In the past I reviewed two clusters topologies - Fat Tree (CLOS) and Torus. The dragonfly is a hierarchical topology with the following properties: several groups are connected together using all to all links (i.e. each group has at least one link directly to each other group), the topology inside each group can be any topology, it requires non-minimal global adaptive routing and advanced congestion look ahead for efficient operation. Simply saying, a dragonfly topology is a two level (at least) topology where at the top level groups of switches are connected in a full graph. The internal structure of the groups may vary and be constructed as full graph, fat tree, torus, mesh, dragonfly and so on.
While many described dragonfly as a topology with one hop between groups, actually it is not correct and in many cases the network traffic will go over several hops before getting to the destination. The key to make dragonfly topology effective is to allow some pairs of end-nodes to communicate on a non-minimal route. It is the only way to distribute random group to group traffic. This represents a significant difference from other topologies. To support such routing a dragonfly system needs to utilize adaptive routing and to only send traffic on the longer paths only if congestion is impacting the minimal (hops) paths.

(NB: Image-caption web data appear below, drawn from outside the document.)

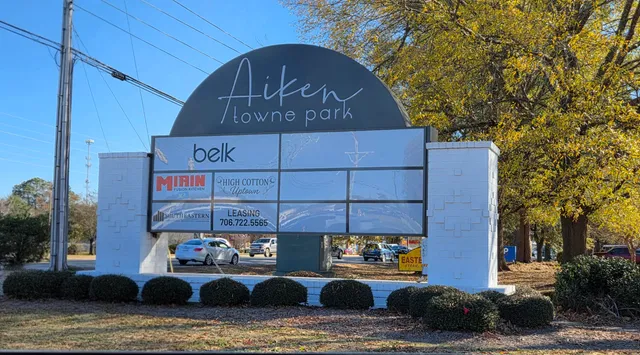 $32,000 | 35 Coker Drive, Aiken, SC 29803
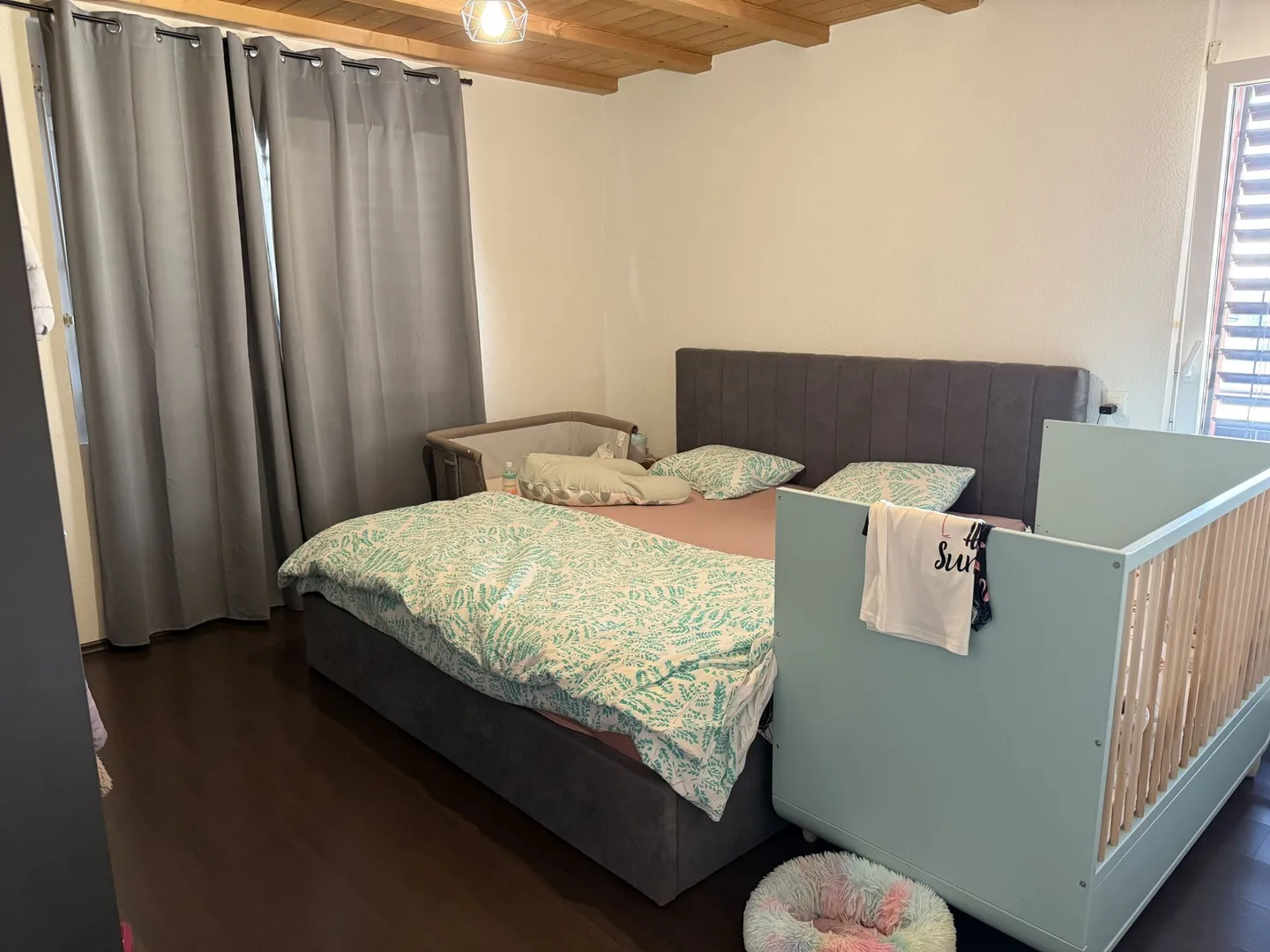 Belfaux - Wohnung A5 - 4,5 Zimmer - Foto 7 von 18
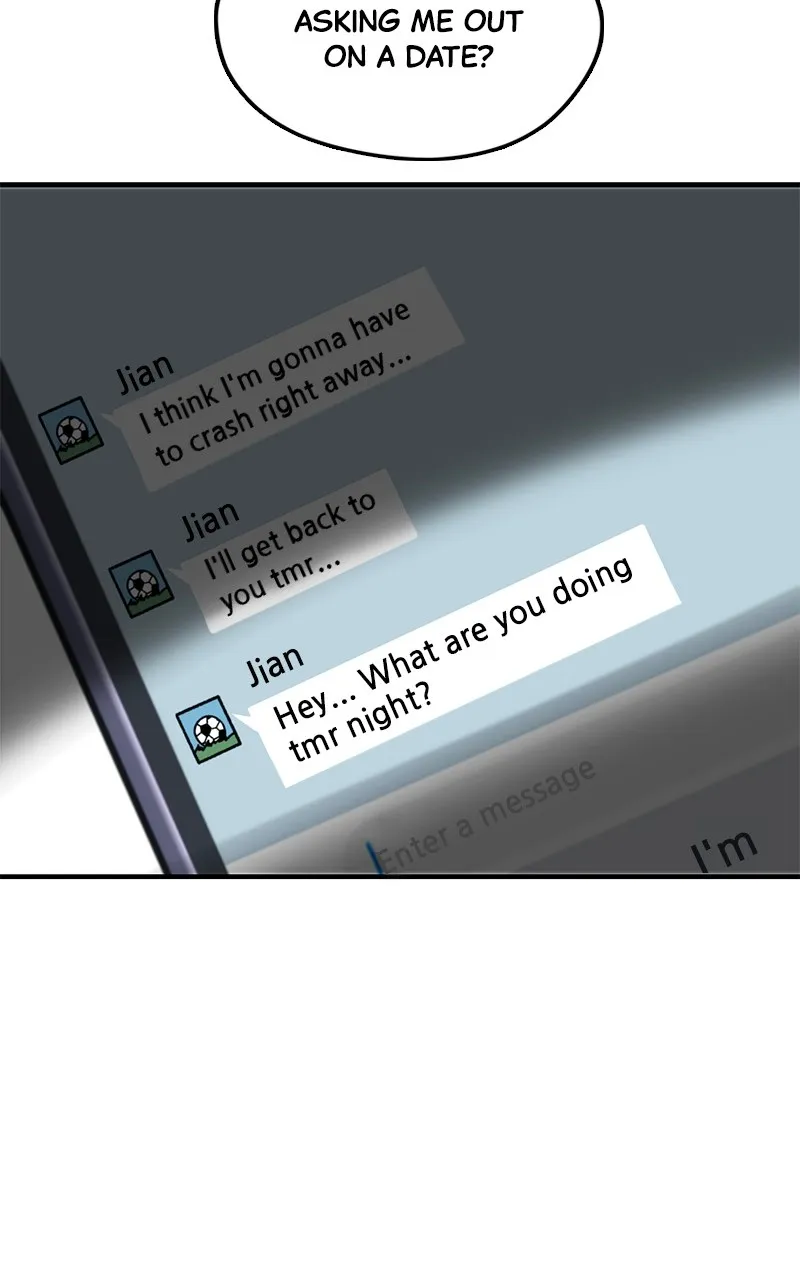Read I’m Not a Soccer Genius! chapter 24 image 19 on Lezhin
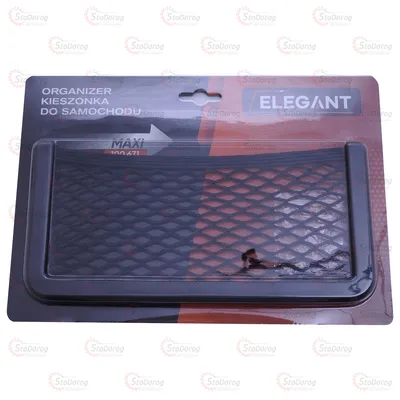 Сетка Карман 25х12см Elegant 100671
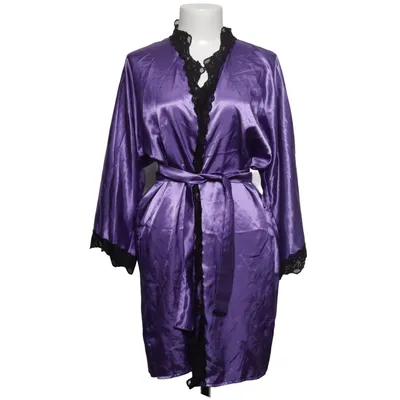 Robe de chambre (Violet) de Karen Polyester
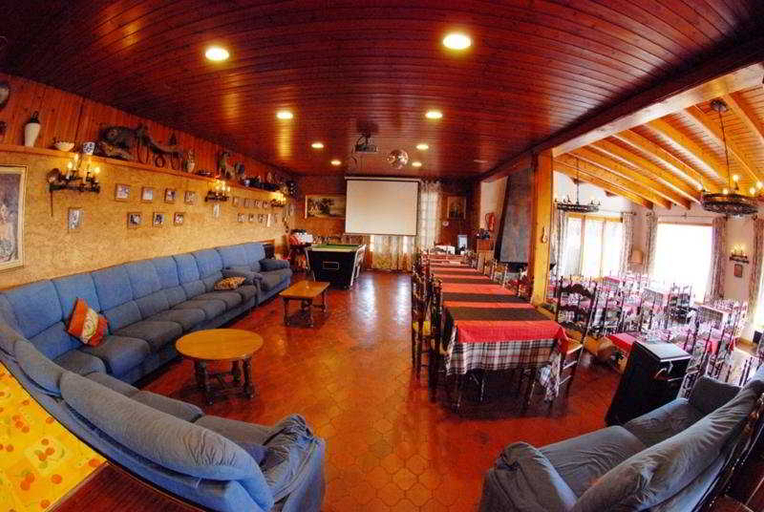 Food & Drinks 5, Terralta, Girona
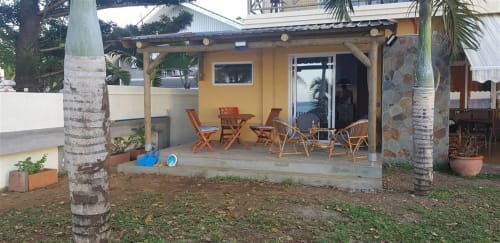 Villa Mauridul - Holiday rentals - Mauritius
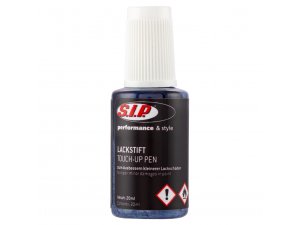 Lackstift SIP blau, Celeste 260/A, 20ml, Metallic-Lack,...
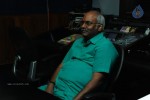 Emo Gurram Egara Vachu Movie Song Recording - 4 of 52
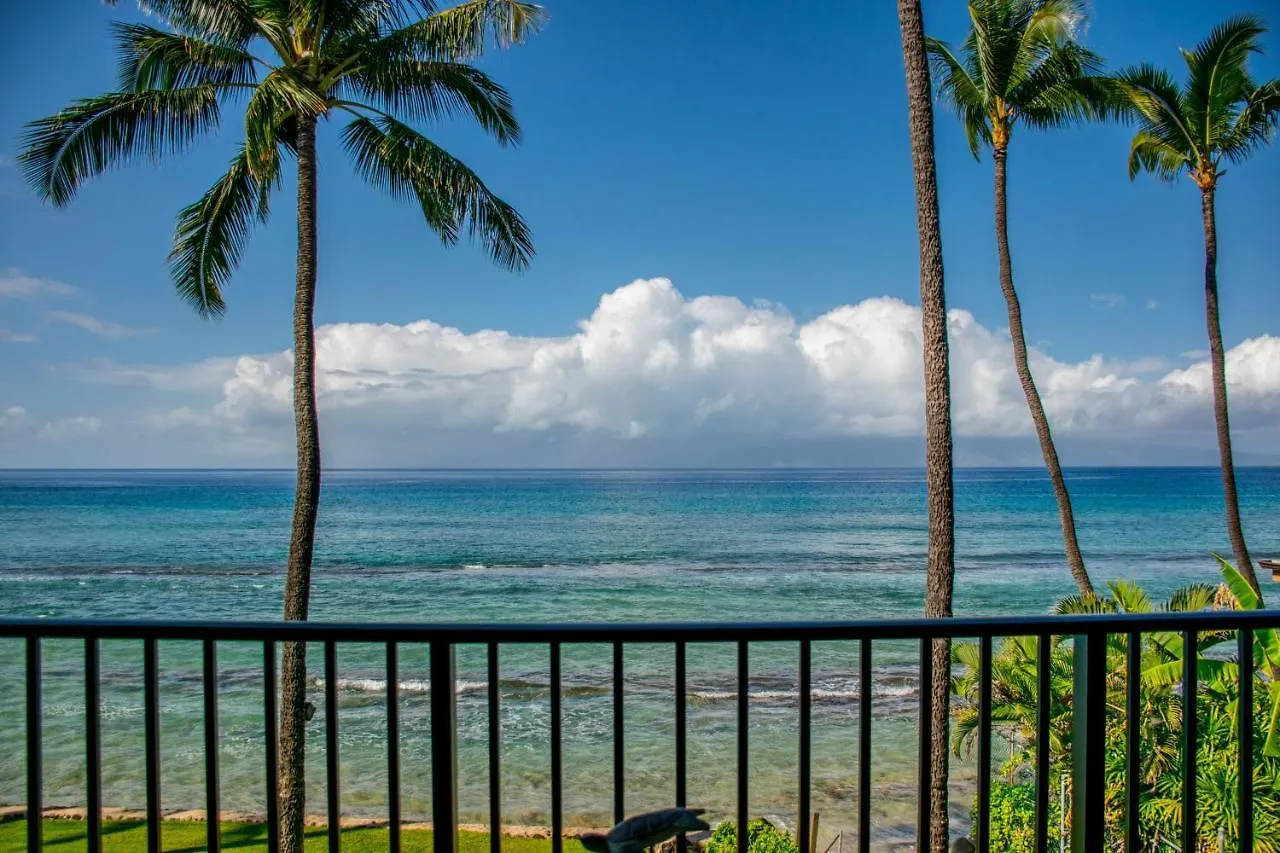 Papakea A-309 Villa Kahana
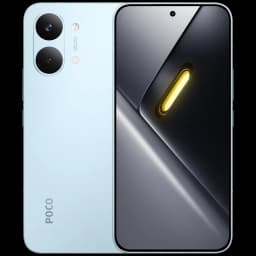 Xiaomi Poco X8 Pro Max 5G 512GB Azul MediaTek Dimensity 9500s 12GB de RAM Bypass Charging
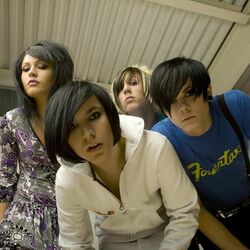 Пазл: Группа ''KIT-I''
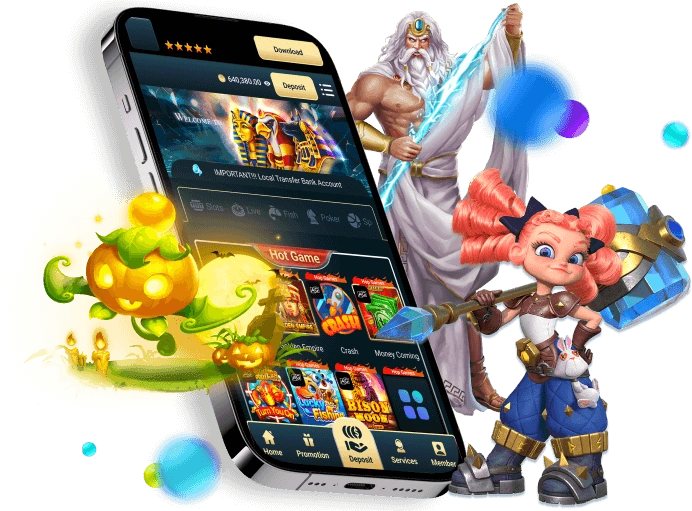 Đảm bảo tính công bằng và minh bạch trong các trò chơi của gk88 game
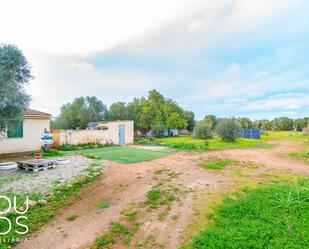 Finca rústica en venda a Llucmajor pueblo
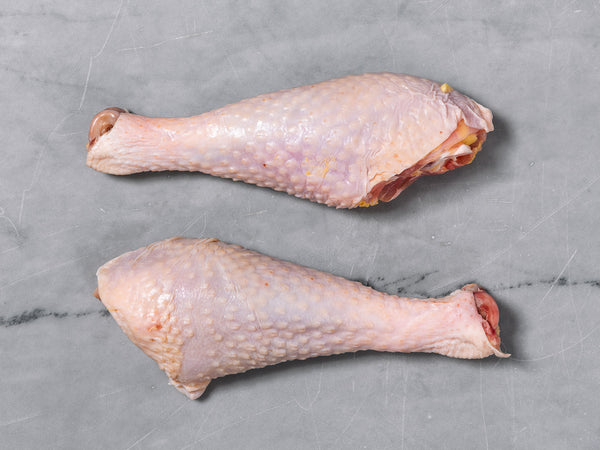 Heritage Chicken Drumstick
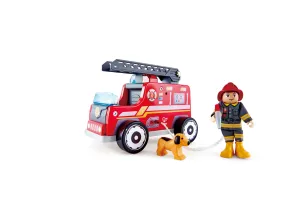 Fire Truck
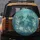 Swimming Sea Turtles Underwater Coral Reef Shells Starfish - Ocean Lover Gift Spare Tire Cover - 5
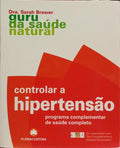 CONTROLAR A HIPERTENSÃO.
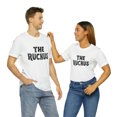 thumbnail image 2 of Bella Canvas 3001, The Ruckus T-Shirt, 2 of 2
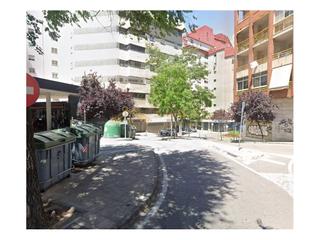 Aparcament cotxe a Centro. Venta plaza garaje y trastero en zona centro caceres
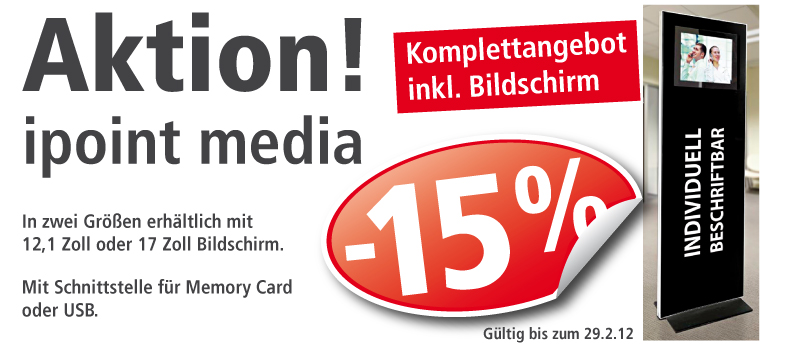 Aktion Textilien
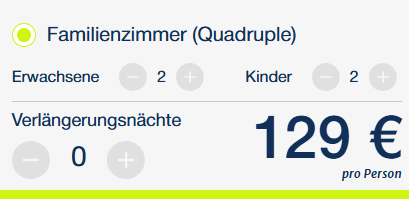 Disneyland Gutschein
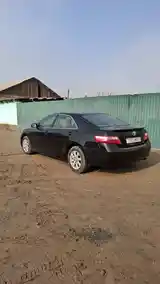 Toyota Camry, 2008-3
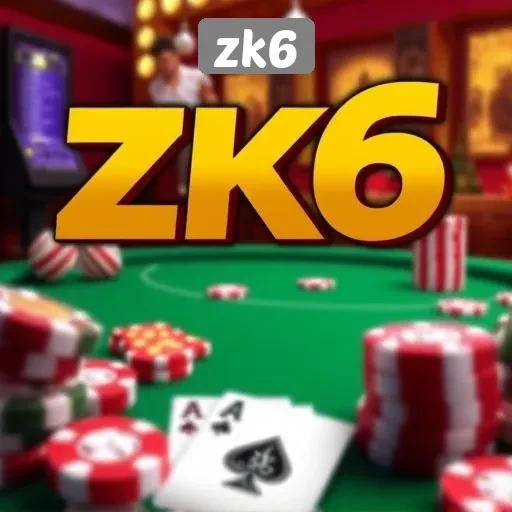 Analisis Kualitas Permainan di zk6 dan Pengalaman Pengguna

While dragonfly goal was to enable a higher bisectional bandwidth compared to torus topology (or similar) while reducing the overall costs (mainly cable lengths), in practice dragonfly does not provide such an advantage - nor performance or costs over fat tree topology for example. On the other hand it does add some sort of complexity with the need to enable adaptive routing. So far we prefer to use the fat tree option – either with a full bisectional bandwidth configuration or with some oversubscription options – depends on the targeted applications.